I heard that the protons and neutrons are in orbits within the nucleus! 1)What is in the middle of the nucleus that they revolve around? 2) Can only a certain maximum number of nucleons be in each orbit, as is the case with the electrons? 3) Are there little separate orbits for neutrons and protons or are they mixed miscellaneously? 4) How are the orbits spaced out or how far are they from each other?
5) Even though I look in technical books on atomic particles, I have never found any pictures. What really prevents pictures, for when particles are called particles, they must have something in mind even though they always weasel out and call on the Uncertainty Principle. 6) Are the proton and neutron orbits all in the same plane, or is it as it is with the electrons, where they are in an area such as a sphere surface, but in no necessarily specific or determinable place on the surface?
Not only are protons and neutrons not in orbit, but really, neither are electrons. Electrons are in a state with an assosciated angular momentum, beyond what they have intrinsicly, but the meaning of the word “angular momentum” is sufficiently different in quantum mechanics that this does not imply an orbit, per se. Folks who invoke the Uncertainty Principal are not weaseling; you can’t draw a diagram of the atom if you don’t know where anything is in there, and you can’t find that out without changing where they are, so you’re still not right.
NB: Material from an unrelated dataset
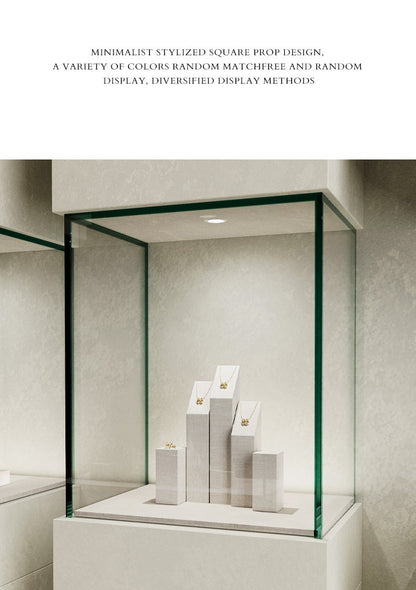 White Linen Jewelry Display Set with Multi-Level Risers for Vendors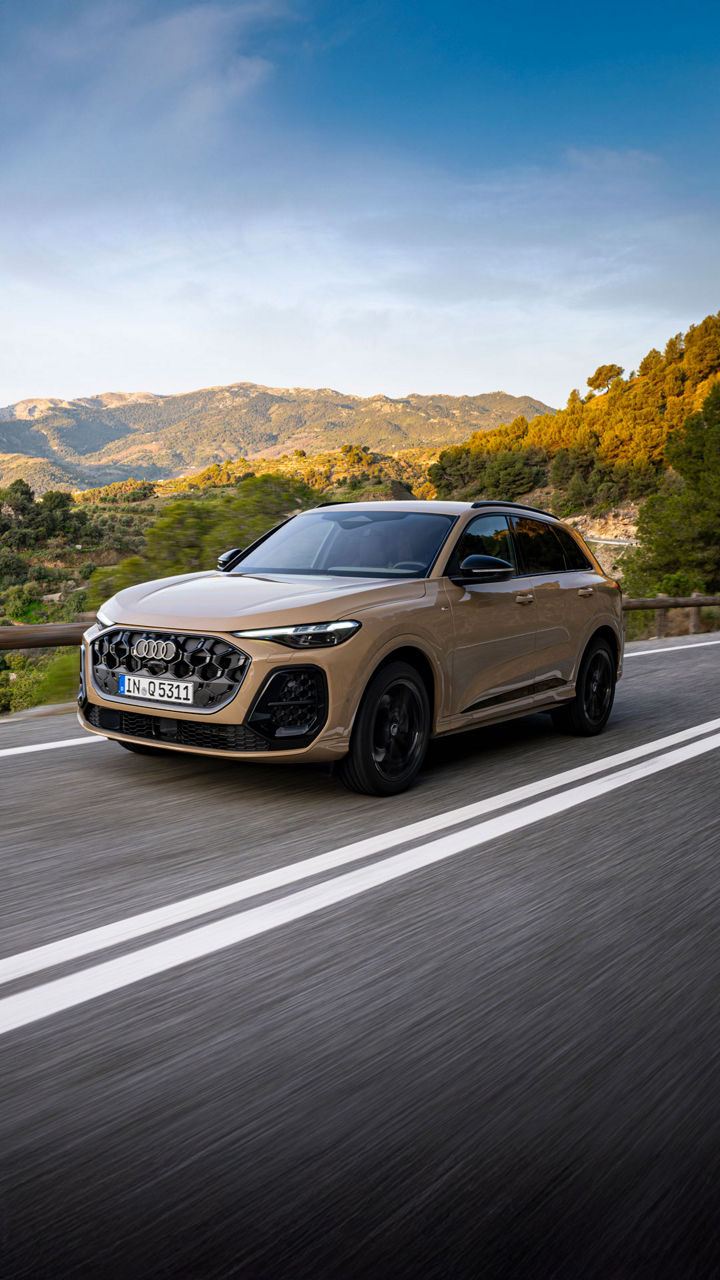 An Audi Q5 SUV drives along a mountain road. In the background, green hills bathed in golden sunlight.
The nucleons in the center don’t even have an “orbital” angular momentum, but they can have energy levels and excited states. In practice, this is seldom significant, since the nuclear excited states are at much higher energies than those of the electrons, so you need hard gamma rays or the equivalent to produce them.
You don’t find many pictures because it’s really hard to make pictures. Whatever is really going on down there is totally unlike our everyday experiences. You might find The Atomic Orbitals: Atom in a Box interesting … but don’t think of electrons moving around like that, those are probability maps. The darker colors are where the electrons are most likely to be, but we don’t know how they move … we kind of suspect that our simplistic concept of motion doesn’t apply to electrons.